‘Either in or out’: Three foreigners who feel shut out of Swedish jobs market by strict labour laws

'Either in or out': Three foreigners who feel shut out of Swedish jobs market by strict labour laws
Many foreigners who move to Sweden find themselves trapped in a chain of short-term contracts. File photo: Anna Shevets/Pexels
While Sweden's unions and trade bodies talk over Sweden's hiring and firing laws, The Local spoke to three foreigners who argue that, rather than protect them, the laws as they stand have shut them out of the labour market.
Negotiations are currently ongoing over how to reform the Employment Protection Act, called Lagen om anställningsskydd in Swedish and usually referred to simply as LAS.
Sweden's Social Democrats committed to reforming the law under the January agreement which won it the backing of the economically liberal Centre Party.  
A review into the law, published in June, proposed allowing companies to exempt up to five employees from the 'last in, first out' rule during any round of layoffs, and to exempt companies of fifteen employees or less completely from this rule. While the existing laws protect people who have jobs, some argue they make companies reluctant to give people permanent employment.
This is particularly a problem for foreigners trying to establish themselves in Sweden, who complain that they are routinely let go before the end of their six-month probationary period. 
Others are given a series of short contracts, so-called 'korttidsanställning', and then laid-off before they have worked so many days that the company has to give them a permanent job under Swedish law.

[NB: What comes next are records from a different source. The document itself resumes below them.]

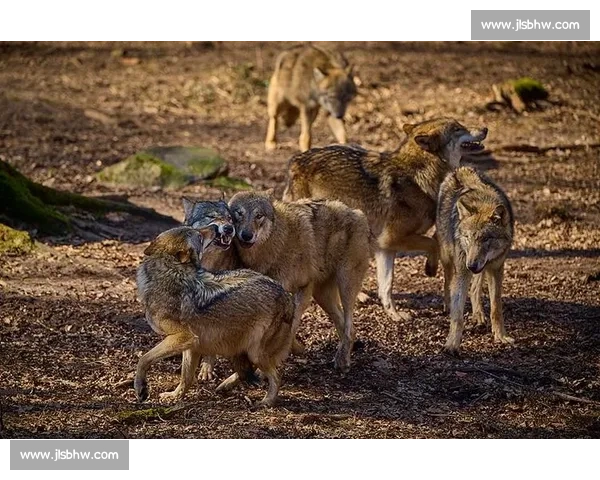群狼逆袭多伦多：VCT CN 赛区的崛起之路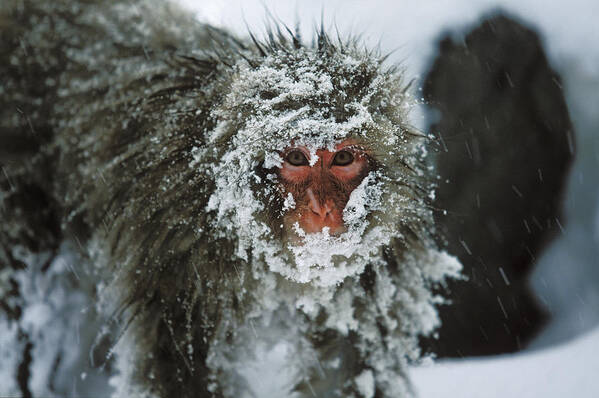 Feb0514 Art Print featuring the photograph Japanese Macaque Covered In Snow Japan by Konrad Wothe
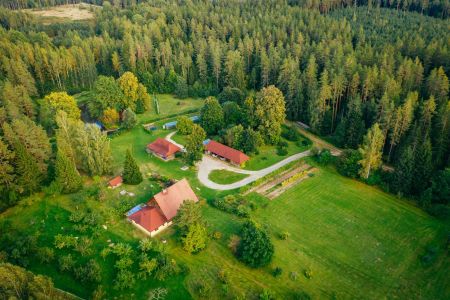 С высоты птичьего полета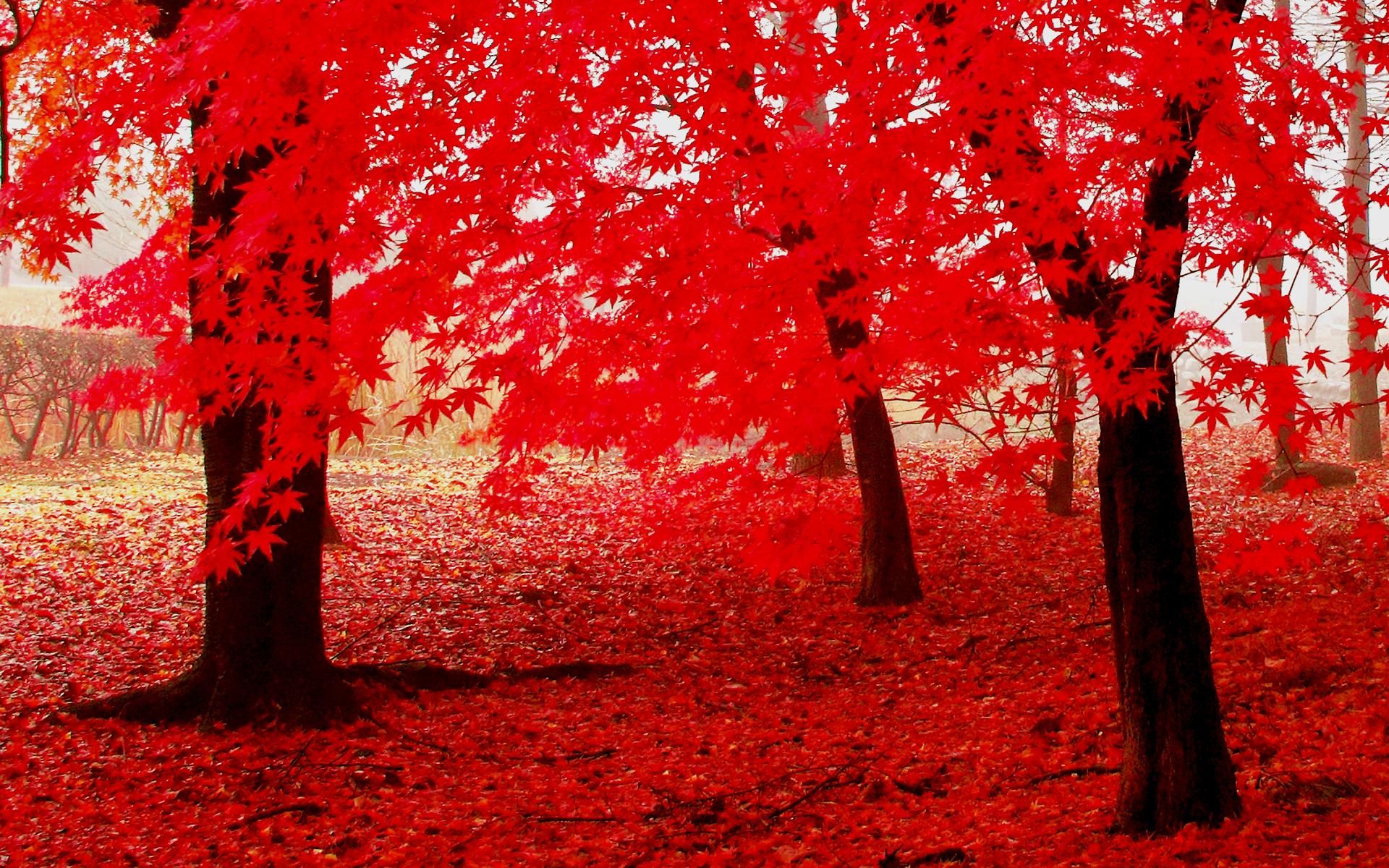 hình nền rừng lá đỏ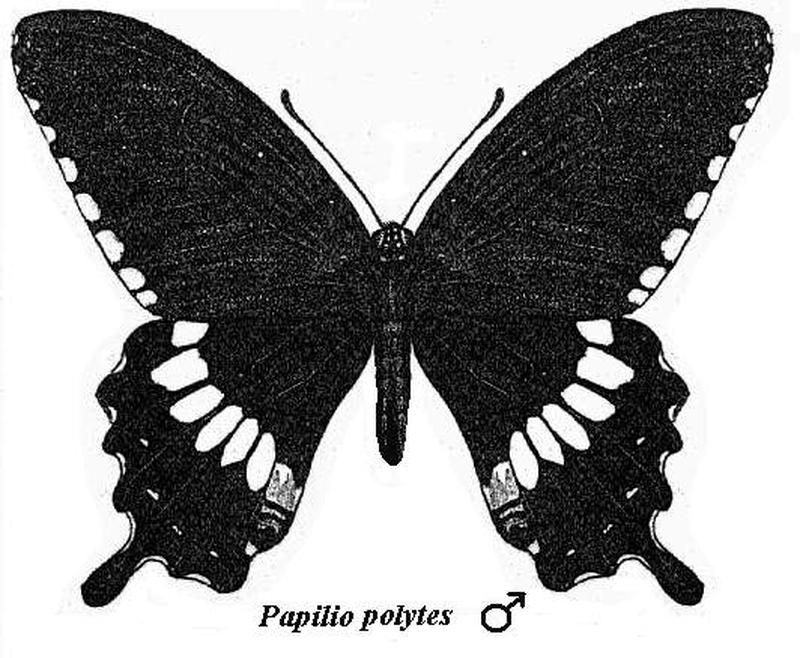 Papilio polytes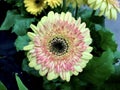 Barberton daisy, Gerbera, Pinky yellow flower.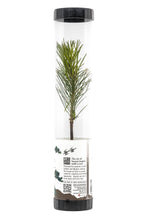 Load image into Gallery viewer, Bonsai Starter | Packaged Live Tree | The Jonsteen Company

Maria: “It's very hard for foreigners to be strategic”
Maria (not her real name), an Italian woman living in Malmö, left academia after she discovered that LAS meant that she was forever bouncing between short-term contracts. 
“You have the equivalent of I don't know how many days, and then they'll have to kind of lock you in and hire you permanently, or not,” she explains. 

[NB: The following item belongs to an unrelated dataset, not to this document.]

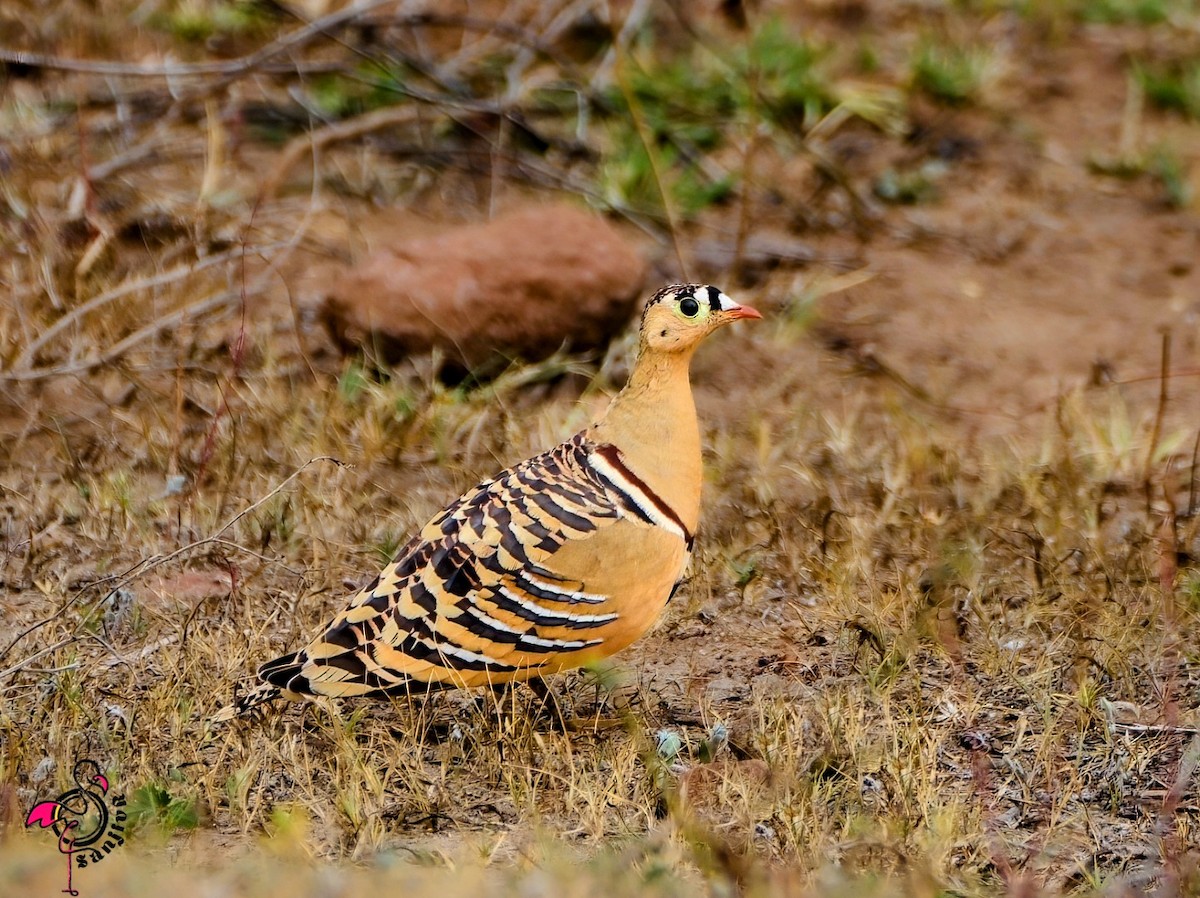 Рябок індійський - ML646967374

“And in the meantime, what you're given is, say, six months of teaching, and you take it because you're hoping to build up experience, reputation, or whatever. And then, time is ticking.” 

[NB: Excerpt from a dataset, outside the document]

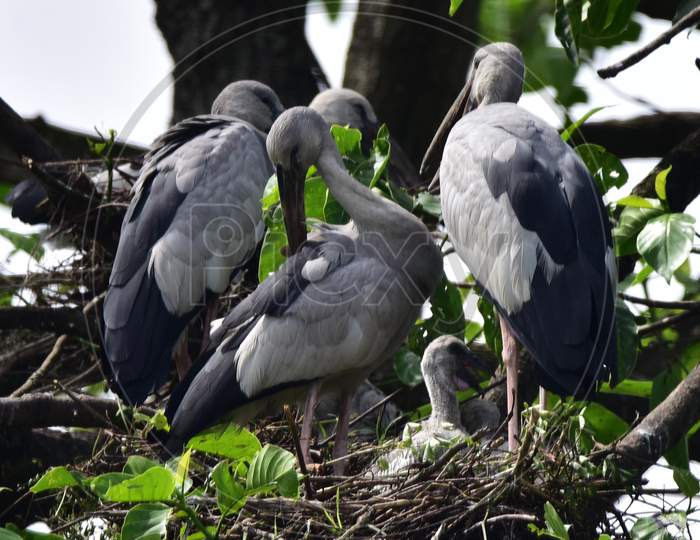 Asian Openbill Storks Perch On A Tree Branch  In Nagaon District Of Assam  On August 10,2020.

“What happened to me in my previous job [at Lund University] was that I ran out of time. They couldn't give me another year [on a short-term contract], and so they were forced to actually hire me permanently. So what they did was that the same day they hired me permanently, they already started the procedures to fire me. 
“Formally, I had permanent employment, but actually, they were already making sure that at the end of the period they needed me for I would be let go because of what they call 'lack of work'.”

The main university building at Lund. Photo: Emil Langvad/TT
She then got teaching work at the nearby Malmö University before running into the exact same problem again. And she says many people end up in her position, working up to two years before they must be either let go or offered permanent employment, at workplace after workplace.

“You ended up spending eight years of your life going from one temporary position to the other without ever being being permanently hired, and in the meantime, you do these kind of temporary gigs. You're normally given just teaching. And so it's really hard to find time and resources to write a book, or publish.” 
She said that foreigners in Sweden, who understand the system less well, are much less able to make the move to permanent employment. 
“Swedes don't just know the rules, but they play the game as insiders. It's about knowing the right people and being strategic. And I think it's very hard for foreigners to be strategic in a foreign system,” she said.
Despite her left-wing politics, Maria has come to support the proposals to reform LAS that the economically liberal Centre Party demanded in January 2019 in exchange for supporting the Social Democrat-led government. 
“Part of me thinks it would be a good thing. If you're permanent, then you're really safe. Nobody will move you. And that's nice, I guess. I will never know,” she explained. “But the real problem is that in academia, you leave an underground of people who are really exposed. There's no middle way. You're either in or you're out. I think the labour laws should catch up with how things are, particularly in academia.” 
Sylvia: “Before I moved to Sweden I had never, ever lost a job before”
Sylvia Rence has had two jobs in Sweden, and both times was laid off just before her six-month probationary period was over. 
“I didn't speak any Swedish when I moved here so I got the first English-speaking job I could find, two months after landing here, in customer support for a tech startup in Stockholm. They laid me off two weeks before my six months were up, with no warning or cause.
“I thought that was obviously a one-off thing — shady company, shady people, bad luck, what have you. Two weeks later I got another English-speaking job, in Uppsala. Another tech startup but much longer established. The job was in one of my actual fields (marketing). A month after I started, another girl started as well, same department. It was a great job, an awesome place with lovely people all around. I loved it,” she said.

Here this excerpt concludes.